Instructions to follow:
Starting with the first line and ending with the one that holds "Clear Size 000", retype the entries exactly.

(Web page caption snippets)
********
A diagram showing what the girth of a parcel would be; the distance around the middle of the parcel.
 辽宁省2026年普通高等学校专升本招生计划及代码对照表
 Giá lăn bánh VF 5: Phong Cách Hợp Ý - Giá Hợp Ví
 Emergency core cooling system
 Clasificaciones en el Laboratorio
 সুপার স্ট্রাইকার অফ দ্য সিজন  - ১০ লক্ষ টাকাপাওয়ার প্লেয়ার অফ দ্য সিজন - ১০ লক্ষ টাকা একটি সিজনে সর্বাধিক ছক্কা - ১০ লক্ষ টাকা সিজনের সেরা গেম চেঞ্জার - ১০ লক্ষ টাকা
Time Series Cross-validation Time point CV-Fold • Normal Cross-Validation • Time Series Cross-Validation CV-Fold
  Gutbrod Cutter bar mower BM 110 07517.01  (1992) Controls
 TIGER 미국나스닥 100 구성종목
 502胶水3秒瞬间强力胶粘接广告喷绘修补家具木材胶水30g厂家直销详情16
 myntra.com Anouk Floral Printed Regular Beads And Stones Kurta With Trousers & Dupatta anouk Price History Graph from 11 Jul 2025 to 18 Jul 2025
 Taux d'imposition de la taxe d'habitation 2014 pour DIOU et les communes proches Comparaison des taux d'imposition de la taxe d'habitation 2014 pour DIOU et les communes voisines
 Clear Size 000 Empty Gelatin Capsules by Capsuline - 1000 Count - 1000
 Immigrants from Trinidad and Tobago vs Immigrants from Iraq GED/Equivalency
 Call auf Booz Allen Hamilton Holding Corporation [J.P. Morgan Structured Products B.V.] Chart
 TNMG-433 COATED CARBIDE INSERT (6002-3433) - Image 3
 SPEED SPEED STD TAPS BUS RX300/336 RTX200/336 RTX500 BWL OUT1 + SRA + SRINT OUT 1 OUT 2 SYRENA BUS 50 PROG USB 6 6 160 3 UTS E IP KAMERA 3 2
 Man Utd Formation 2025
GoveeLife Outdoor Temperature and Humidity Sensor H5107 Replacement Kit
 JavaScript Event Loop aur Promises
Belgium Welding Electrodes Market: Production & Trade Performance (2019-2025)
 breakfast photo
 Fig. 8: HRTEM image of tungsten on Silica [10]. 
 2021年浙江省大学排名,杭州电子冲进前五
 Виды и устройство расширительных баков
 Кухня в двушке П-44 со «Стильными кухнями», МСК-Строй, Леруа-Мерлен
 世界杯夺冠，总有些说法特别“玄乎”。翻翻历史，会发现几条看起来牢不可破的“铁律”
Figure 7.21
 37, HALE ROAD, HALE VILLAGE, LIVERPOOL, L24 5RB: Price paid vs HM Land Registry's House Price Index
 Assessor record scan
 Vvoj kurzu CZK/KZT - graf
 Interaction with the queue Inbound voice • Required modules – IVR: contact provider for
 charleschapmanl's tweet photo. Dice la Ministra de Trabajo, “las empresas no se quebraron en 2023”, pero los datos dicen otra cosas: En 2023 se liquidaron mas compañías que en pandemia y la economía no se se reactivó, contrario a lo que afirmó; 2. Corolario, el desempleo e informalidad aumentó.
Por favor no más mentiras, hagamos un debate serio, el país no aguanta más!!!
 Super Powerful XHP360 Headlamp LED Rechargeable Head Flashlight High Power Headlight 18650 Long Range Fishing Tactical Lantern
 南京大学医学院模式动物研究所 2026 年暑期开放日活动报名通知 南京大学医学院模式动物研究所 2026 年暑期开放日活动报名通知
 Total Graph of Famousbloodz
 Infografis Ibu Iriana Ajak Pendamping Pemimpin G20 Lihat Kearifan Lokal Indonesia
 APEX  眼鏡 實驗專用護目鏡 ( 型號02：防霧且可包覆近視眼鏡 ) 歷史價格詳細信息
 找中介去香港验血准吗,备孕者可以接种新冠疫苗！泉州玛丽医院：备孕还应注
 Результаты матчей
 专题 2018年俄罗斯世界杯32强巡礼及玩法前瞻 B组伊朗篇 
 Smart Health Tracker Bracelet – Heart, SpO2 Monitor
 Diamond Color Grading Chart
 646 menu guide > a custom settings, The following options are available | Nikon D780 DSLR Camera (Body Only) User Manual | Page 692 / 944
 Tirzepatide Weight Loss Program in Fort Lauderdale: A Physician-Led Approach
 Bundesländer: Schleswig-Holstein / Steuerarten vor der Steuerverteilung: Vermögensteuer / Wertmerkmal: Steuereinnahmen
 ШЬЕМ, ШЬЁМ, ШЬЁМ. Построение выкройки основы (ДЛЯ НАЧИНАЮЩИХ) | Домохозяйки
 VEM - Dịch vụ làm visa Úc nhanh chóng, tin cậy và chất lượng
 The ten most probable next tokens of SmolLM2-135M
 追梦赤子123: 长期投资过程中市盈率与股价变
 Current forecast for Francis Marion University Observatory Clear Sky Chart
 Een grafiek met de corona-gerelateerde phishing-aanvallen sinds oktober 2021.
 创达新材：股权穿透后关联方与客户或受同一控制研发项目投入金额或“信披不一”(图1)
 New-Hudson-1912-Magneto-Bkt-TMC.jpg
********
Output of the exercise:
A diagram showing what the girth of a parcel would be; the distance around the middle of the parcel.
 辽宁省2026年普通高等学校专升本招生计划及代码对照表
 Giá lăn bánh VF 5: Phong Cách Hợp Ý - Giá Hợp Ví
 Emergency core cooling system
 Clasificaciones en el Laboratorio
 সুপার স্ট্রাইকার অফ দ্য সিজন  - ১০ লক্ষ টাকাপাওয়ার প্লেয়ার অফ দ্য সিজন - ১০ লক্ষ টাকা একটি সিজনে সর্বাধিক ছক্কা - ১০ লক্ষ টাকা সিজনের সেরা গেম চেঞ্জার - ১০ লক্ষ টাকা
Time Series Cross-validation Time point CV-Fold • Normal Cross-Validation • Time Series Cross-Validation CV-Fold
  Gutbrod Cutter bar mower BM 110 07517.01  (1992) Controls
 TIGER 미국나스닥 100 구성종목
 502胶水3秒瞬间强力胶粘接广告喷绘修补家具木材胶水30g厂家直销详情16
 myntra.com Anouk Floral Printed Regular Beads And Stones Kurta With Trousers & Dupatta anouk Price History Graph from 11 Jul 2025 to 18 Jul 2025
 Taux d'imposition de la taxe d'habitation 2014 pour DIOU et les communes proches Comparaison des taux d'imposition de la taxe d'habitation 2014 pour DIOU et les communes voisines
 Clear Size 000 Empty Gelatin Capsules by Capsuline - 1000 Count - 1000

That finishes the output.